What is being asked
Look in the material below for the line with "NFL Pittsburgh Steelers, σετ" and the line with "Load image into", then set down exactly those two lines and all lines between, nothing more.

Provided entries

*** Begin section ***

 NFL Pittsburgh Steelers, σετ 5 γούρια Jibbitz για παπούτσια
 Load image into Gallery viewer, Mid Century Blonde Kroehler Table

*** End section ***
*** Begin section ***

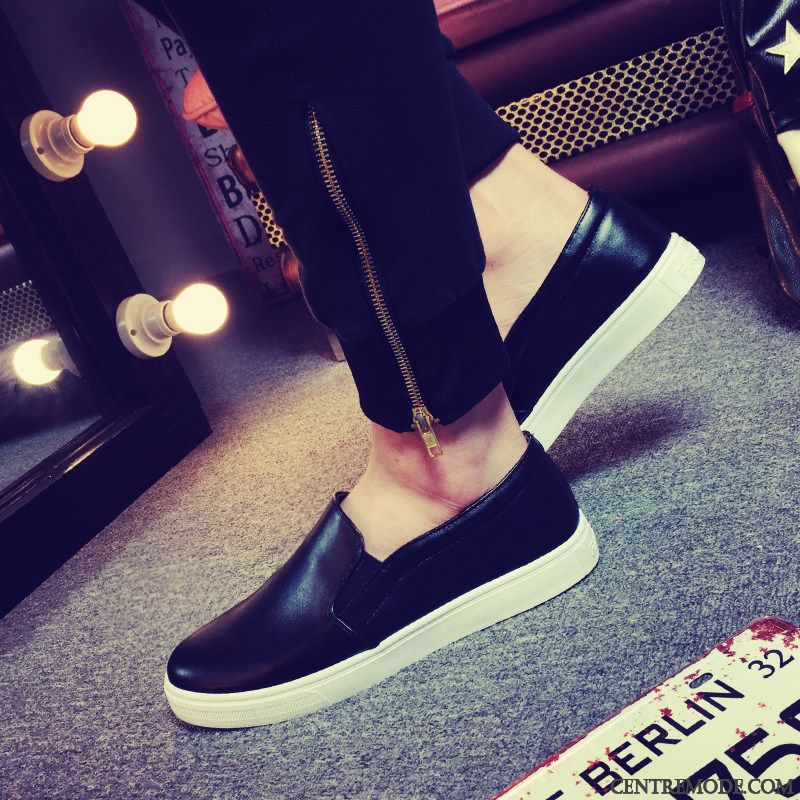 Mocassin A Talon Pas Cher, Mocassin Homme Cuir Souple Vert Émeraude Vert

*** End section ***

Exercise answer
 NFL Pittsburgh Steelers, σετ 5 γούρια Jibbitz για παπούτσια
 Load image into Gallery viewer, Mid Century Blonde Kroehler Table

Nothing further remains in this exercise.